We included data from randomized controlled trials comparing the effectiveness of SIA and any other management method in the treatment of lower limb arterial chronic total occlusions. The primary intervention of interest was SIA, with or without a stent, for the restoration of vessel patency in people with occlusions of a lower limb artery. We compared SIA against alternative modalities used to restore vessel patency, including conventional percutaneous transluminal angioplasty, surgical bypass, or any other treatments. We compared different SIA devices and techniques against each other.
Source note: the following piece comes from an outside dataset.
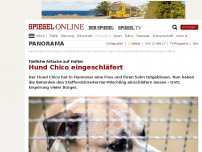 Bild zum Artikel: Tödliche Attacke auf Halter: Hund Chico eingeschläfert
Data collection and analysis: 

Two review authors independently selected trials, assessed trials for eligibility and methodological quality, and extracted data. The third review author resolved disagreements.

Main results: 

Two studies, involving a total of 147 participants with TransAtlantic Inter-Society Consensus (TASC)-II D femoropopliteal lesions, met our inclusion criteria and were included in the review. Both studies were small but otherwise of high methodological quality. However, the treatment techniques and control groups of the two studies differed, precluding the combining of study results and resulting in the evidence being less applicable. We therefore considered the quality of the evidence to be low.

In one study, participants with TASC-II D lesions were randomized to receive either SIA with stenting of the superficial femoral artery or remote endarterectomy (RE) with stenting of the superficial femoral artery. Three-year follow-up results showed a Rutherford classification improvement of 64% in the SIA group compared to 80% in the RE group (risk ratio (RR) 0.79, 95% confidence interval (CI) 0.61 to 1.03; 95 participants; P = 0.079). Postexercise ankle brachial index improvements (defined as an increased value of 0.2) were reported in 70% of participants in the SIA group compared to 82% in the RE group (RR 0.86, 95% CI 0.68 to 1.08; 95 participants; P = 0.18). The study reported the technical success rate was 93% for the SIA group and 96% for the RE group (RR 0.97, 95% CI 0.88 to 1.07; 95 participants; P = 0.91). Primary patency at 12 months was 59.1% in the SIA group compared to 78.4% in the RE group (RR 0.75, 95% CI 0.57 to 1.00; 95 participants; P = 0.05). Primary patency at 24 months was 56.8% in the SIA group compared to 76.5% in the RE group (RR 0.74, 95% CI 0.55 to 1.00; 95 participants; P = 0.05) and 47.7% in the SIA group and 62.7% in the RE group at 36 months (RR 0.76, 95% CI 0.52 to 1.11; 95 participants; P = 0.15). Assisted primary patency was 52.3% in the SIA group compared to 70.6% in the RE group (P = 0.01) at 36 months. Secondary patency was better for the RE group (P = 0.03) at 36 months. Limb salvage at three years' follow-up was 95% in the SIA group and 98% in the RE group (RR 0.97, 95% CI 0.90 to 1.05; 95 participants; P = 0.4). There were no perioperative deaths, but complications occurred in two SIA participants (femoral pseudoaneurysm and pulmonary edema) and in three RE participants (seroma, femoral pseudoaneurysm, superficial femoral artery acute occlusion).

In the second study, the effects of the SIA OUTBACK re-entry catheter device in people affected by TASC-II D superficial femoral artery chronic total occlusion were compared with the SIA manual re-entry technique. This study did not report clinical improvement and limb salvage. Technical success was achieved in all cases in both the OUTBACK device and manual groups. The primary 6-month patency rate was 100% in the OUTBACK group (26 of 26 participants) compared to 96.2% in the manual group (25 of 26 participants) (RR 1.04, 95% CI 0.94 to 1.15). The primary 12-month patency rate was 92.3% in the OUTBACK group (24 of 26 participants) compared to 84.6% in the manual group (22 of 26 participants) (RR 1.09, 95% CI 0.90 to 1.33). Patency rates at 24 and 36 months were not reported. The study reported that there were no complications.